Thanks advice from @fuz , I know that writing whole algorithm in assembly is the best choice and makes sense, but it's beyond my ability since I never learn programming in assembly.

However, it should be easy to optimize the inner loop with assembly:

counts := make([][8]int32, numRowBytes)

for i, b = range byteSlice {
    if b == 0 {                  // more than half of elements in byteSlice is 0.
        continue
    }
    expand = _expand_byte[b]
    __mm_add_epi32_inplace_purego(&counts[i], expand)
}

// expands a byte into its bits
var _expand_byte = [256]*[8]int32{
    &[8]int32{0, 0, 0, 0, 0, 0, 0, 0},
    &[8]int32{0, 0, 0, 0, 0, 0, 0, 1},
    &[8]int32{0, 0, 0, 0, 0, 0, 1, 0},
    &[8]int32{0, 0, 0, 0, 0, 0, 1, 1},
    &[8]int32{0, 0, 0, 0, 0, 1, 0, 0},
    ...
}

Can you help to write an assembly version of __mm_add_epi32_inplace_purego (this is enough for me), or even the whole loop? Thank you in advance.

fuz · Accepted Answer

The operation you want to perform is called a positional population count on bytes. This is a well-known operation used in machine learning and some research has been done on fast algorithms to solve this problem.
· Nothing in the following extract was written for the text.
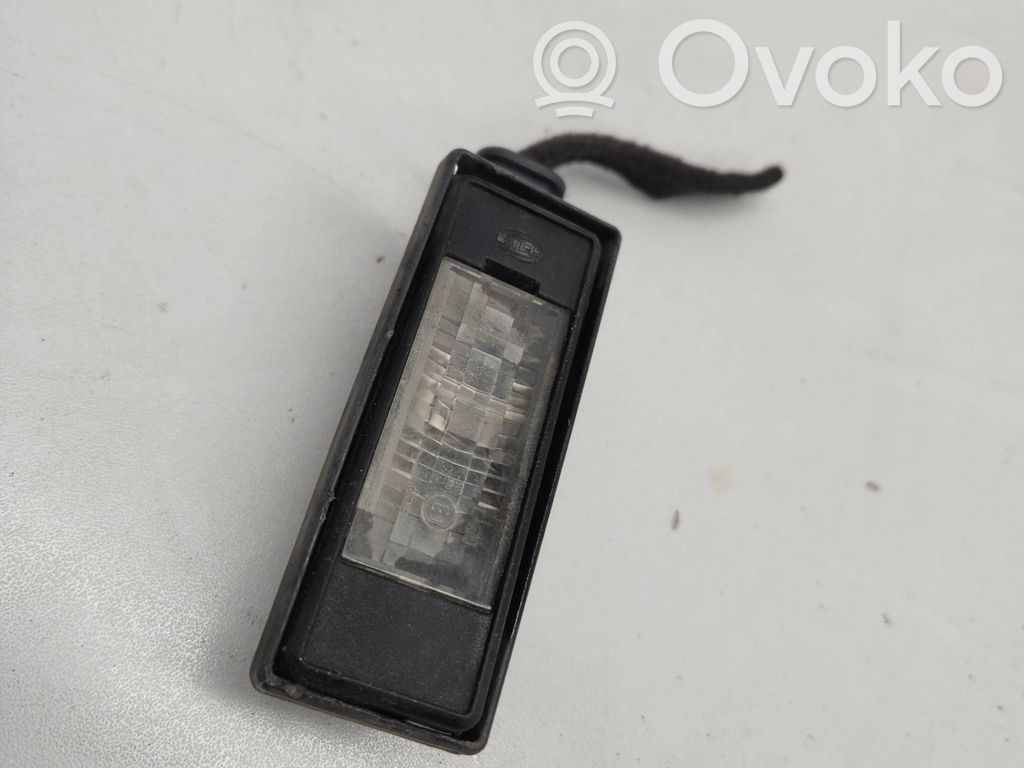 Citroen C8 Number plate light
Unfortunately, the implementation of these algorithms is fairly involved. For this reason, I have developed a custom algorithm that is much simpler to implement but only yields roughly half the performance of the other other method. However, at measured 10 GB/s, it should still be a decent improvement over what you had previously.
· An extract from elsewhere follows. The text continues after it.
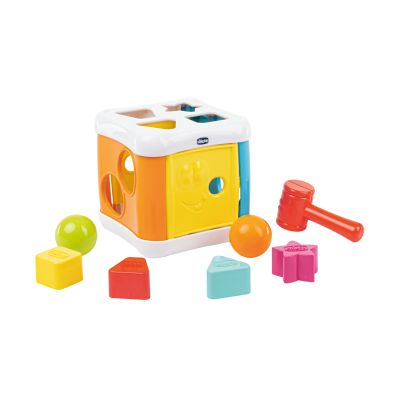 Chicco 2 in 1 Sort &amp; Beat Cube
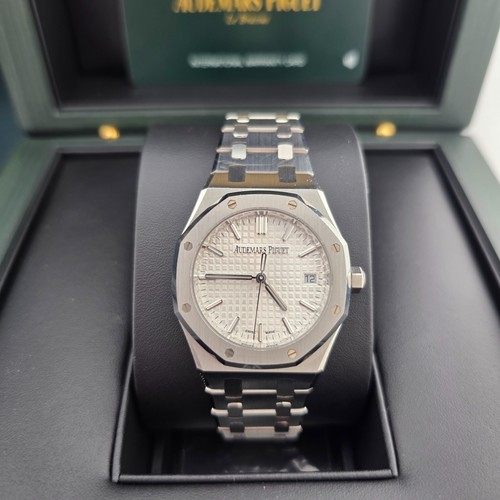 Audemars piguet royal oak ref - piguet,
The idea of this algorithm is to gather corresponding bits from groups of 32 bytes using vpmovmskb and then to take a scalar population count which is then added to the corresponding counter. This allows the dependency chains to be short and a consistent IPC of 3 to be reached.

Note that compared to your algorithm, my code flips the order of bits around. You can change this by editing which counts array elements the assembly code accesses if you want. However, in the interest of future readers, I'd like to leave this code with the more common convention where the least significant bit is considered bit 0.

Source code

The complete source code can be found on github. The author has meanwhile developed this algorithm idea into a portable library that can be used like this:

import "github.com/clausecker/pospop"

var counts [8]int
pospop.Count8(counts, buf)  // add positional popcounts for buf to counts

The algorithm is provided in two variants and has been tested on a machine with a processor identified as “Intel(R) Xeon(R) W-2133 CPU @ 3.60GHz.”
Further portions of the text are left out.